(The problem): Output the lines of the listing below exactly, starting at the line containing "WenmthG Geldgeschenke Geburtstag" and stopping after the last line, with any pictures dropped.

■ ■ ■

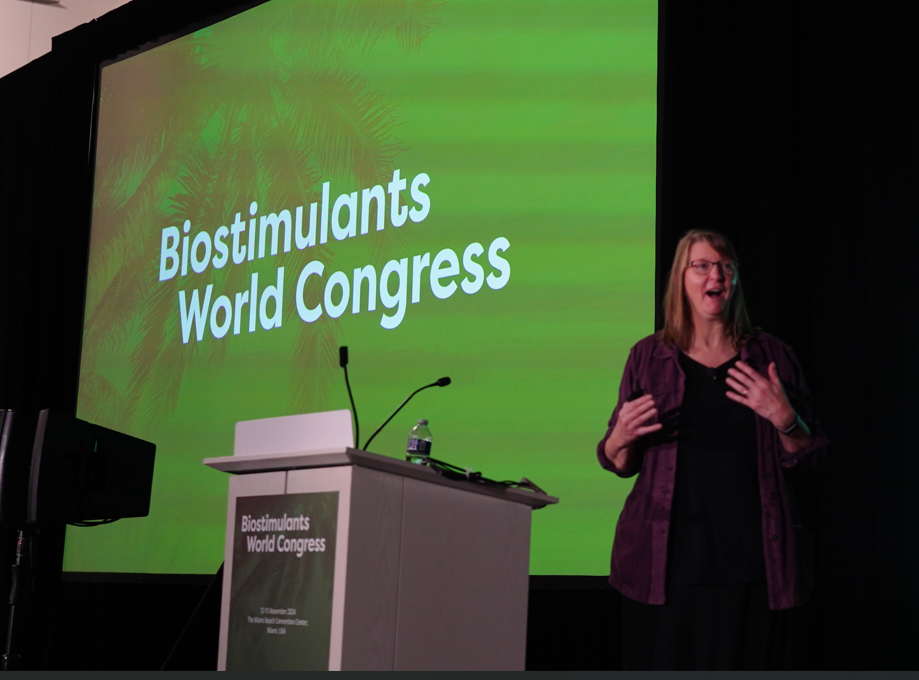Speaker presenting at the Biostimulants World Congress 2024 in Miami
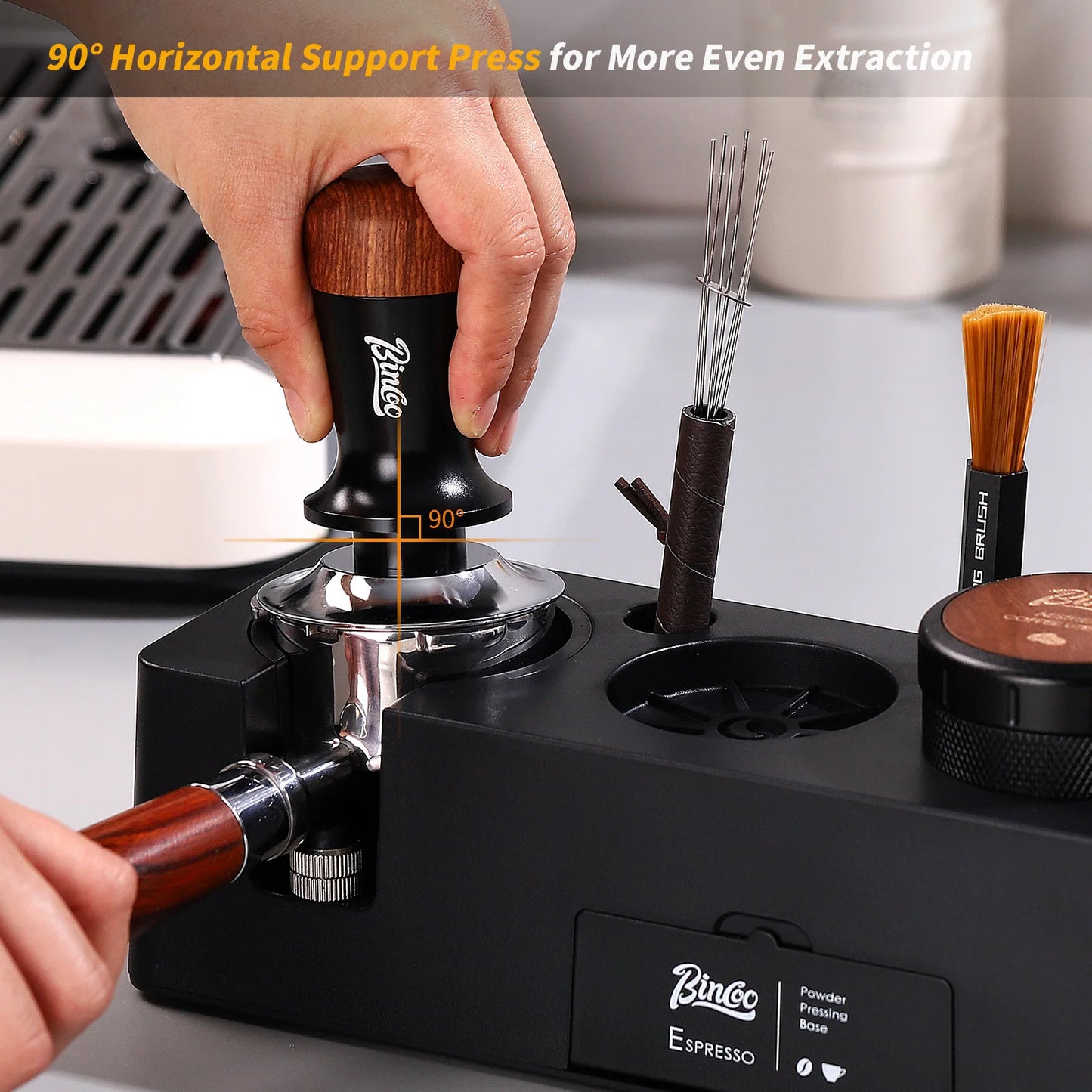 Bincoo Multifunction Espresso Tamper Station -Adjustable Height Distributor Organizer-Fit 51/54/58mm Plastic Coffee Station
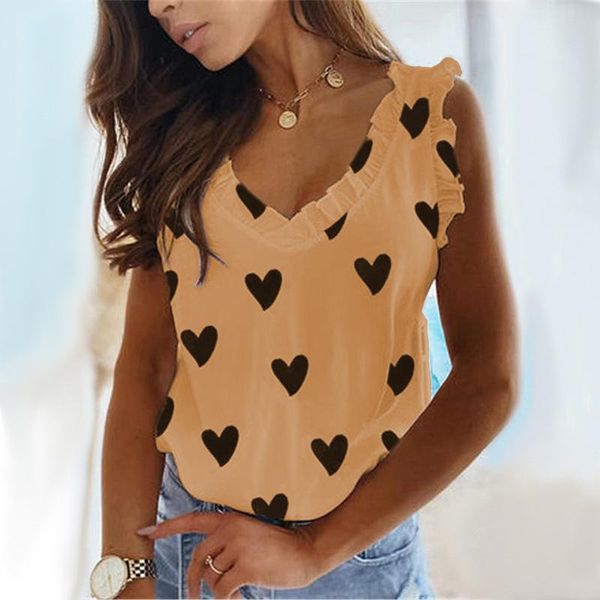 women's t-shirt women tank ruffle sleeveless printed v-neck ladies 2021 summer fashion casual outdoor beach comfy female clothing, White
women's t-shirt women tank ruffle sleeveless printed v-neck ladies 2021 summer fashion casual outdoor beach comfy female clothing, White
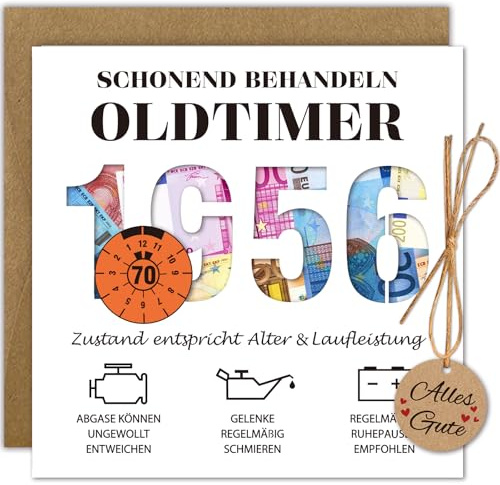 WenmthG Geldgeschenke Geburtstag 70 mit Umschlag, Karte 70 Geburtstag Mann - Lustig Geschenke zum 70 Geburtstag Mann - Schonend Behandeln 1956 Oldtimer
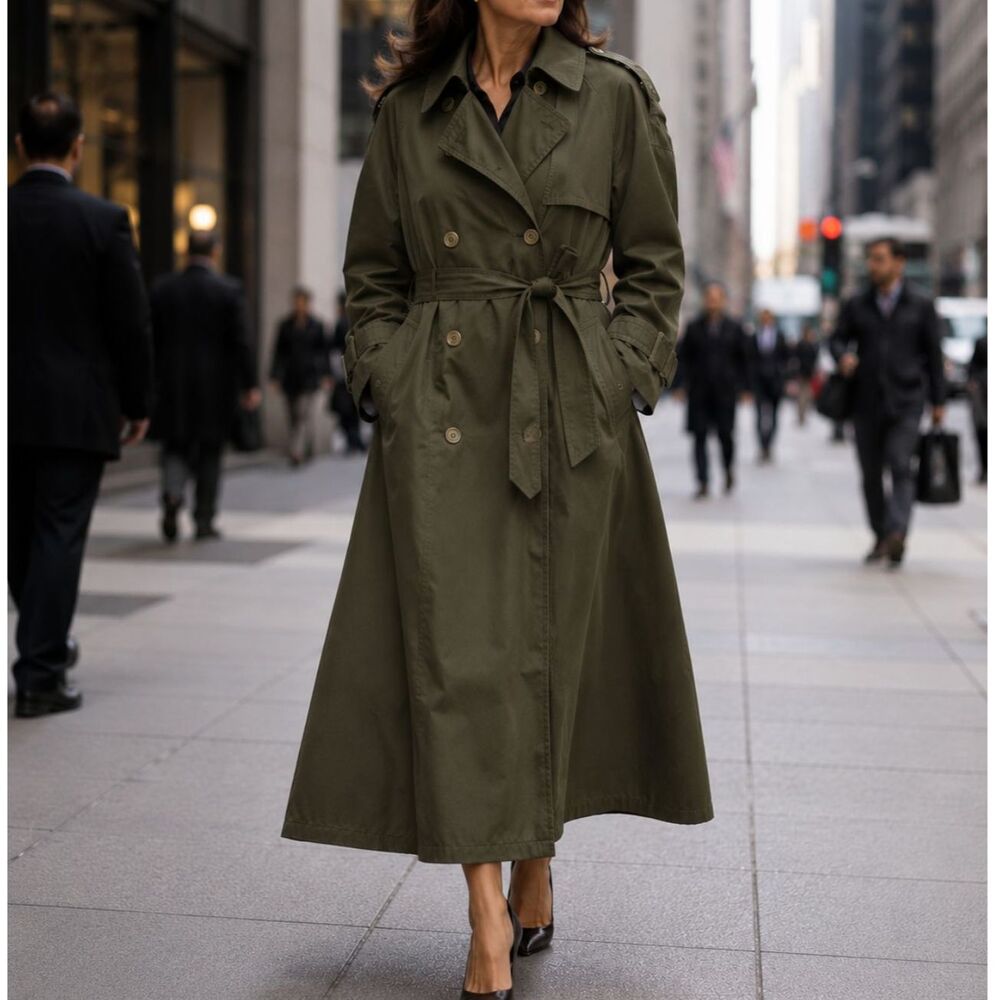 Vintage London Fog Petite Trench Coat: Olive Green Double-Breasted Maxi Raincoat
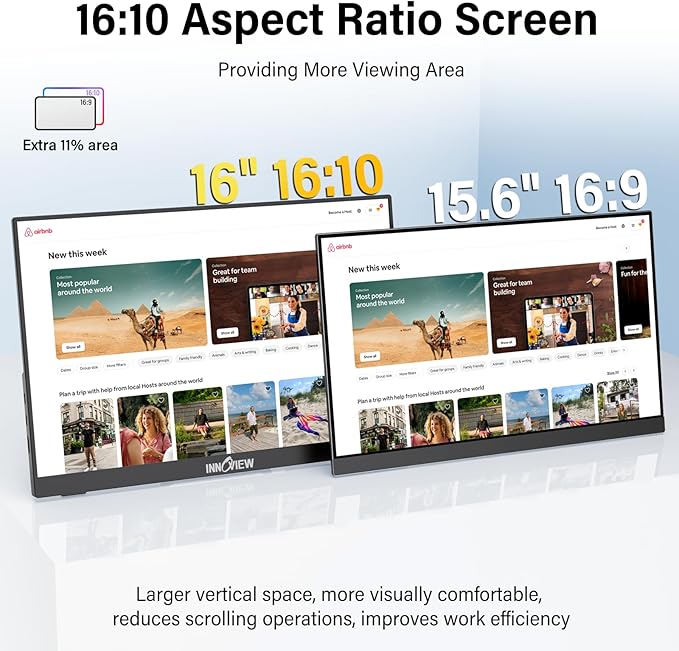 InnoView 16-inch 180Hz Portable Monitor FHD1920×1200 100% sRGB Laptop Screen - Image 3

■ ■ ■

(Result of this task):
 WenmthG Geldgeschenke Geburtstag 70 mit Umschlag, Karte 70 Geburtstag Mann - Lustig Geschenke zum 70 Geburtstag Mann - Schonend Behandeln 1956 Oldtimer
 Vintage London Fog Petite Trench Coat: Olive Green Double-Breasted Maxi Raincoat
 InnoView 16-inch 180Hz Portable Monitor FHD1920×1200 100% sRGB Laptop Screen - Image 3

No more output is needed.